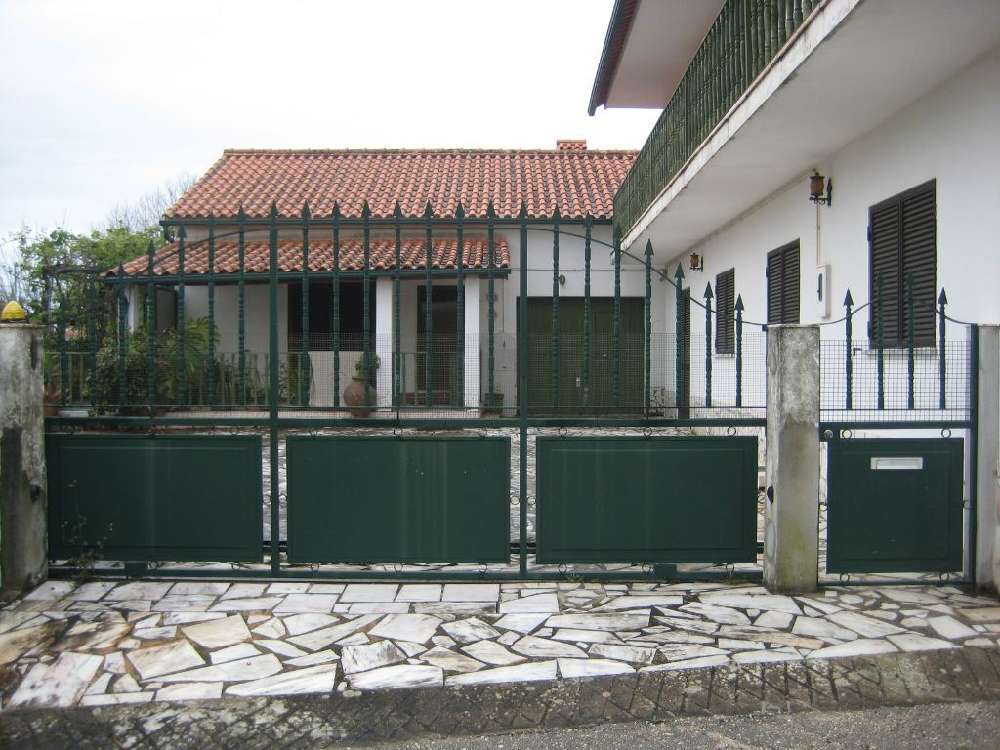  à vendre maison  Aguda  Figueiró Dos Vinhos 2
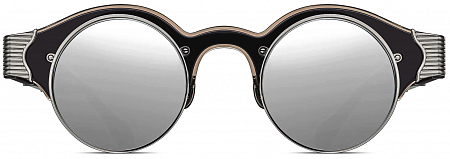 Солнцезащитные очки Matsuda 10605H RTM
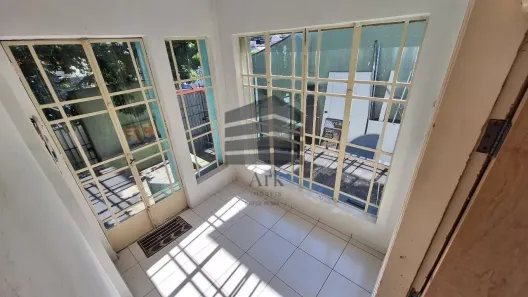 Casa com 4 Quartos à venda, 173m² no Bosque da Saúde, São Paulo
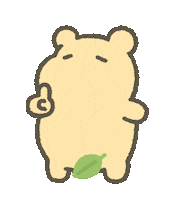 Question Sticker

#### TASK OBJECTIVE
Would you copy all of the data exactly? Keep the pictures out of it.

#### COMPLETED TASK
  à vendre maison  Aguda  Figueiró Dos Vinhos 2
 Солнцезащитные очки Matsuda 10605H RTM
 Casa com 4 Quartos à venda, 173m² no Bosque da Saúde, São Paulo
 Question Sticker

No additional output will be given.